=== About this exercise ===
Repeat exactly, please, the opening lines of the data below, through and including the line where "Scale drawing M12" sits.

<<<<

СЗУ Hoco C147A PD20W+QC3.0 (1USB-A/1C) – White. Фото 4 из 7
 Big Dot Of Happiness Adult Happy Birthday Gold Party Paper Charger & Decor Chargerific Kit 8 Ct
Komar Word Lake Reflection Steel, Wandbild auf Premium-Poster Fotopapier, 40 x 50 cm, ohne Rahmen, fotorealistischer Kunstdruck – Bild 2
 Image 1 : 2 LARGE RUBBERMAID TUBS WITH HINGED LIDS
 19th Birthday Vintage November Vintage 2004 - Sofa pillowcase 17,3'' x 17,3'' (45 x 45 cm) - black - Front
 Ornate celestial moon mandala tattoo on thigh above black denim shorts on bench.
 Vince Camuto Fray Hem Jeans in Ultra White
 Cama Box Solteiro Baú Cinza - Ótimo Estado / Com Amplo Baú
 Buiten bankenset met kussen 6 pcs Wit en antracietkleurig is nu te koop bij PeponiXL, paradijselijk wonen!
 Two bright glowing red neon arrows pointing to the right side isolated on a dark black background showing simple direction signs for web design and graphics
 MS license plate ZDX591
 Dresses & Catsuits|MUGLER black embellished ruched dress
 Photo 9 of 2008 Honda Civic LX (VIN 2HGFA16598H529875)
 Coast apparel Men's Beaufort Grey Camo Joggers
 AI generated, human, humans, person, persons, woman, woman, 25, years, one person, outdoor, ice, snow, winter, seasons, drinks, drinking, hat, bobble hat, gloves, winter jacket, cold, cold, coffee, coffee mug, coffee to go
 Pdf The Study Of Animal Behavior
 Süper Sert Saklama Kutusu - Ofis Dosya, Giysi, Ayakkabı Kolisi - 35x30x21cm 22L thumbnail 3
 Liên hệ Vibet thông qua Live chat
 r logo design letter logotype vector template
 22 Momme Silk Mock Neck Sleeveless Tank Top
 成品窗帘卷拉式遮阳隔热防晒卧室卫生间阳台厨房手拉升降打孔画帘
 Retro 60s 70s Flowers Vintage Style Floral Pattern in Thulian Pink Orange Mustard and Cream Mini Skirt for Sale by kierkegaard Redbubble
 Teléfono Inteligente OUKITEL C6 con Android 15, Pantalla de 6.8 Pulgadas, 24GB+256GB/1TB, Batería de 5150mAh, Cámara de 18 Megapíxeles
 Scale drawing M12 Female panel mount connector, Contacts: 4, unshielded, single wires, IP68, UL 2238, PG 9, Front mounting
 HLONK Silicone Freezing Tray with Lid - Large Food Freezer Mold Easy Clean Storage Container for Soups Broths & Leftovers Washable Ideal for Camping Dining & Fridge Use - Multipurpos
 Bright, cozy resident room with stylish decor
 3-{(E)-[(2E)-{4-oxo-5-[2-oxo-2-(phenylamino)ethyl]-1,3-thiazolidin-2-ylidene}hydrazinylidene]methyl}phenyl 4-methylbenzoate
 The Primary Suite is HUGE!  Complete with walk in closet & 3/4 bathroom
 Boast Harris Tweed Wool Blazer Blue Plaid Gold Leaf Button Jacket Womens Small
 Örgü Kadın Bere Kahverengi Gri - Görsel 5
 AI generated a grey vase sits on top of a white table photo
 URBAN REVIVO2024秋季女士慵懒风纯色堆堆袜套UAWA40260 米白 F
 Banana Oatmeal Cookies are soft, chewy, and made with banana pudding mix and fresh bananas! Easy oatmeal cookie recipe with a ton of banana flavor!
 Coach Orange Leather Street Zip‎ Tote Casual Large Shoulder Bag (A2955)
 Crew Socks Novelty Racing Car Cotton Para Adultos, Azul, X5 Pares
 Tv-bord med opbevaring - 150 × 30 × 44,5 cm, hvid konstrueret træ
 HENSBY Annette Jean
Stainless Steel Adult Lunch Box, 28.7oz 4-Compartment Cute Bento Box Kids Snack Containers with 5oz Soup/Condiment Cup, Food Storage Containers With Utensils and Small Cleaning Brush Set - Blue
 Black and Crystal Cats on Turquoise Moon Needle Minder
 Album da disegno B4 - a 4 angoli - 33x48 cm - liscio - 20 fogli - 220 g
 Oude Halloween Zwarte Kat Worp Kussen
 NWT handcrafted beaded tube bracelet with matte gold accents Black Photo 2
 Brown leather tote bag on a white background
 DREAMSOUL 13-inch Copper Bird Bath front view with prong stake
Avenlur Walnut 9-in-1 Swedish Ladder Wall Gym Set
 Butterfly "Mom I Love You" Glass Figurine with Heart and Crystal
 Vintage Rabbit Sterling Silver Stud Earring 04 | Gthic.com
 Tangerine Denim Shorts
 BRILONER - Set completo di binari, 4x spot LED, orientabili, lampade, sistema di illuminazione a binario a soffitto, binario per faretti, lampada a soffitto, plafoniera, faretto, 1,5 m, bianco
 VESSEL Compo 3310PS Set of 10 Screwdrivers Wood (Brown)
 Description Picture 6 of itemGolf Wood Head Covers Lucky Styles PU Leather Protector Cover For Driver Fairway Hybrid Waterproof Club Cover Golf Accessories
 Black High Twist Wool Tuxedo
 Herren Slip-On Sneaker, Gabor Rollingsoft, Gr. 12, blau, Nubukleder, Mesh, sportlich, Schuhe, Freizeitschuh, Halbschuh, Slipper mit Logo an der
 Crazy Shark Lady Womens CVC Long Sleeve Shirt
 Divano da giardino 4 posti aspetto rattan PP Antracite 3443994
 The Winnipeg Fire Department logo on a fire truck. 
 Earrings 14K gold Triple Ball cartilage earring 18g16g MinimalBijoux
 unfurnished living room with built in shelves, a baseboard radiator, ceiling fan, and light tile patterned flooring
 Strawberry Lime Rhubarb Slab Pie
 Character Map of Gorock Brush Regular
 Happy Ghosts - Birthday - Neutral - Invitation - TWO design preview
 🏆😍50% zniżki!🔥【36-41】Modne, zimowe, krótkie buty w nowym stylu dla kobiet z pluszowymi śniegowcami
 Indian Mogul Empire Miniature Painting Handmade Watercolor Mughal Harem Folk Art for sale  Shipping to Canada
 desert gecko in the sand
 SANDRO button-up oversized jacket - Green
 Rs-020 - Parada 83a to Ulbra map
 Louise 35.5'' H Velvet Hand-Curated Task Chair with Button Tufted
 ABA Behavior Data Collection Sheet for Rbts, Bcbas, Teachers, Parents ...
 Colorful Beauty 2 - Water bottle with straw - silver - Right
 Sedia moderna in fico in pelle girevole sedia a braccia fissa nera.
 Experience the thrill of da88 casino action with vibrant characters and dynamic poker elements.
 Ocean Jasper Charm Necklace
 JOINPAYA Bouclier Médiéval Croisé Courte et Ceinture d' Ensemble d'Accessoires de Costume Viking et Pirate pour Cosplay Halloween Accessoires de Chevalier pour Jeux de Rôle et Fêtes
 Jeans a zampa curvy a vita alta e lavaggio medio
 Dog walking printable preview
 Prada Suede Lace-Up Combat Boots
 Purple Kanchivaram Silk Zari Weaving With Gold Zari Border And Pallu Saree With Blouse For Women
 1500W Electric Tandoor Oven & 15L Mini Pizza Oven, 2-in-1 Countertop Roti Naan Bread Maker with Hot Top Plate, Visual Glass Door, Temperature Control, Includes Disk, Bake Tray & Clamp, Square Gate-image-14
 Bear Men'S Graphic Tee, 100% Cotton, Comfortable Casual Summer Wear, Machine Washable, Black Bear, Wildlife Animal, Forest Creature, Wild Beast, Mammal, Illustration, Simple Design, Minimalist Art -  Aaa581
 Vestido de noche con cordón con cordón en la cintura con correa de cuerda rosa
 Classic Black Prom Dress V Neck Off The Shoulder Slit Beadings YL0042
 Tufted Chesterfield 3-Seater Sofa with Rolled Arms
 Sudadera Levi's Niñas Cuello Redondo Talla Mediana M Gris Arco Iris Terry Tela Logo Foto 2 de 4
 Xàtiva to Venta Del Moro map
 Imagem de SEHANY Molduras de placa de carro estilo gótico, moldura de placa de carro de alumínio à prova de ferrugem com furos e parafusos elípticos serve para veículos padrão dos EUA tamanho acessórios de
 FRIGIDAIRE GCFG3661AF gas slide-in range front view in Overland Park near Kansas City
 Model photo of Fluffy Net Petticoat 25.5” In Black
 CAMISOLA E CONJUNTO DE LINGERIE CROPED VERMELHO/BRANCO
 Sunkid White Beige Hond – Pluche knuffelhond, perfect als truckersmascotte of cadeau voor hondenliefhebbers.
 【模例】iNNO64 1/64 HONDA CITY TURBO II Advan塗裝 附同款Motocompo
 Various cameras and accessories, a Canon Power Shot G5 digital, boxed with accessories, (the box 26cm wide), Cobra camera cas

>>>>

=== Final answer ===
СЗУ Hoco C147A PD20W+QC3.0 (1USB-A/1C) – White. Фото 4 из 7
 Big Dot Of Happiness Adult Happy Birthday Gold Party Paper Charger & Decor Chargerific Kit 8 Ct
Komar Word Lake Reflection Steel, Wandbild auf Premium-Poster Fotopapier, 40 x 50 cm, ohne Rahmen, fotorealistischer Kunstdruck – Bild 2
 Image 1 : 2 LARGE RUBBERMAID TUBS WITH HINGED LIDS
 19th Birthday Vintage November Vintage 2004 - Sofa pillowcase 17,3'' x 17,3'' (45 x 45 cm) - black - Front
 Ornate celestial moon mandala tattoo on thigh above black denim shorts on bench.
 Vince Camuto Fray Hem Jeans in Ultra White
 Cama Box Solteiro Baú Cinza - Ótimo Estado / Com Amplo Baú
 Buiten bankenset met kussen 6 pcs Wit en antracietkleurig is nu te koop bij PeponiXL, paradijselijk wonen!
 Two bright glowing red neon arrows pointing to the right side isolated on a dark black background showing simple direction signs for web design and graphics
 MS license plate ZDX591
 Dresses & Catsuits|MUGLER black embellished ruched dress
 Photo 9 of 2008 Honda Civic LX (VIN 2HGFA16598H529875)
 Coast apparel Men's Beaufort Grey Camo Joggers
 AI generated, human, humans, person, persons, woman, woman, 25, years, one person, outdoor, ice, snow, winter, seasons, drinks, drinking, hat, bobble hat, gloves, winter jacket, cold, cold, coffee, coffee mug, coffee to go
 Pdf The Study Of Animal Behavior
 Süper Sert Saklama Kutusu - Ofis Dosya, Giysi, Ayakkabı Kolisi - 35x30x21cm 22L thumbnail 3
 Liên hệ Vibet thông qua Live chat
 r logo design letter logotype vector template
 22 Momme Silk Mock Neck Sleeveless Tank Top
 成品窗帘卷拉式遮阳隔热防晒卧室卫生间阳台厨房手拉升降打孔画帘
 Retro 60s 70s Flowers Vintage Style Floral Pattern in Thulian Pink Orange Mustard and Cream Mini Skirt for Sale by kierkegaard Redbubble
 Teléfono Inteligente OUKITEL C6 con Android 15, Pantalla de 6.8 Pulgadas, 24GB+256GB/1TB, Batería de 5150mAh, Cámara de 18 Megapíxeles
 Scale drawing M12 Female panel mount connector, Contacts: 4, unshielded, single wires, IP68, UL 2238, PG 9, Front mounting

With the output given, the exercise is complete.